A looming health crisis exists in the United States due to an increasing population of dialysis patients, and inadequate reimbursement for patient care.
With skyrocketing numbers of obese and diabetic Americans, and a lack of preventative education about these conditions as risk factors for kidney disease and kidney failure, Medicare’s program for covering dialysis treatments may soon not be able to stay afloat.
Medicare payments do not fully cover the cost of treating dialysis patients. To make matters worse, Medicare does not annually update payments to dialysis providers like it does for every other segment in health care.
Payment for dialysis services is the only prospective payment system in the entire Medicare program that is not adjusted annually for inflation, and as a result, the program is significantly under funded.
However, for those Americans who will one day ultimately require lifesaving dialysis treatments, it’s important to comprehensively address quality, access and safety issues.
Over the past 30 years, dialysis has progressed from a treatment limited to only a select few patients in hospital settings, to an advanced, convenient, readily available outpatient procedure which cleanses the blood of thousands of Americans with failed kidneys three or more times per week.
The Medicare program has made possible the availability of this medically complex and expensive routine, so that patients can continue living full and active lives, and enjoying work, recreation and time with friends and family.
The quality of dialysis equipment, medications, and staff continue to improve by necessity, despite the fact providers lose money on each treatment they administer. This progress can no longer be sustained.
The ESRD composite rate is the only Medicare PPS without an annual update mechanism to adjust for changes in input prices and inflation. MedPAC noted in its March 2003 Report to Congress that input prices related only to allowable costs would rise by 2.5 percent, but Medicare payments under the composite rate would remain the same unless Congress enacts an increase.
The lack of an annual update presents a special challenge to dialysis providers. Overall labor rates, for example, went up seven percent between 2000 and 2001, according to MedPAC’s 2003 report.
Nursing salaries rose, on average, from $23,140 to $31,720 between 1992 and 2002, an increase of 27 percent, according to the U.S. Bureau of Labor Statistics.

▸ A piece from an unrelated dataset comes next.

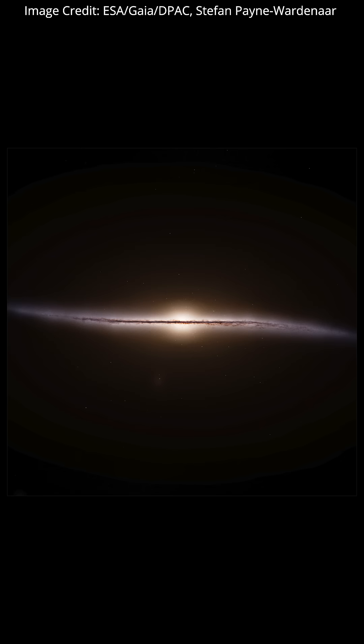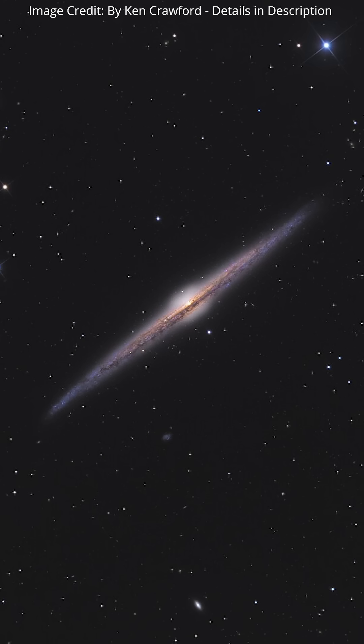In this edge-on view, you can clearly see the central bulge of the Milky Way, but what's super interesting is the way the outer reaches of the galaxy are tilted, so the whole thing has a bit of an S-curve to it. That's quite different to other galaxies we see. Check out this image of NGC 4565, which you can see doesn't really exhibit this S-curve.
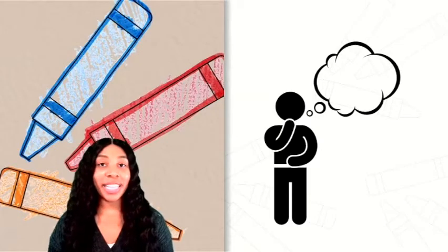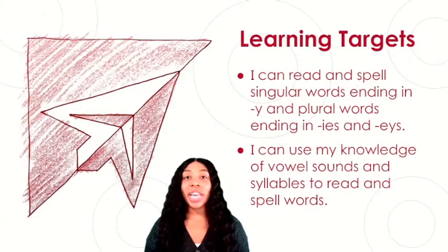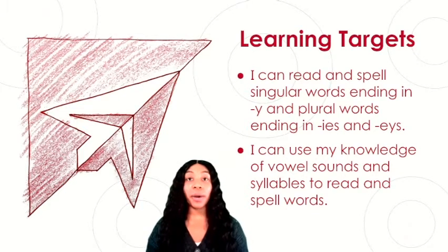Go ahead and put your thinking caps on. We have two new learning targets for today. Please follow along with me as I read them. Our first learning target says: I can read and spell singular words ending in Y and plural words ending in IES and EYS. The second learning target says: I can use my knowledge of vowel sounds and syllables to read and spell words.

Dialysis centers cannot afford to compete for nurses and other professionals with health care providers that have PPS mechanisms with annual update formulas.
To ensure that ESRD patients continue to have access to high quality care, the composite rate must be adjusted annually to cover dialysis providers’ real costs.
The key provisions of the Kidney Care Quality and Education Act include:
- Creating public and patient education initiatives to increase awareness about chronic kidney disease (CKD) and to help patients learn self-management skills;
- Establishing a three-year Quality Initiative that would reward quality improvement and attainment based on a composite score for measures developed in cooperation with the kidney care community;
- Providing Medicare coverage for CKD education services for Medicare-eligible patients;
- Establishing a uniform training for patient care dialysis technicians; and
- Seeking to understand the barriers to the adoption of different treatment modalities by patients.
The legislation would link the need for an annual update mechanism for the Medicare ESRD composite rate with an improved quality system.
The Medicare ESRD Program is the only one without an annual update mechanism.
The Quality Initiative would reward quality improvement and attainment through bonus payments funded through a portion of the annual inflationary increase calculated using the CMS-developed ESRD market basket.
Quality would be measured using metrics developed by the kidney care community and maintained by an ESRD Advisory Committee. In addition to being tied to payments, provider and physician performance would be available through public reporting.
MedPAC, the Institute of Medicine, and other agencies would evaluate various aspects of the program and make recommendations about its continuation.
CMS would also be required to use the data collected during the project to inform the establishment of a permanent update mechanism structure for the ESRD program.
The costs associated with the legislation would be offset by an expansion in the Medicare Secondary Payer (MSP) provision to 42 months (an additional 12 months from its current length).
It would also include a non-discrimination clause to prohibit private insurers from dumping these patients.
In addition, an extension of MSP would result in savings and could incentivize private payers to encourage wellness in managing the care of these patients.
We appreciate your commitment to improving the quality of dialysis services to kidney patients.
The kidney care community is the only major segment of Medicare that does not have an annual update mechanism; and therefore, Congress must vote an update each year.
The Kidney Care Quality and Improvement Act provisions that were included in the Deficit Reduction Act of 2005 took an important step in achieving one of the principal goals of the legislation, by providing an annual update of 1.6 percent to support quality in kidney care for 2006.
The Tax Relief and Health Care Act of 2006 built upon this progress by providing an annual update of 1.6 percent for 2007.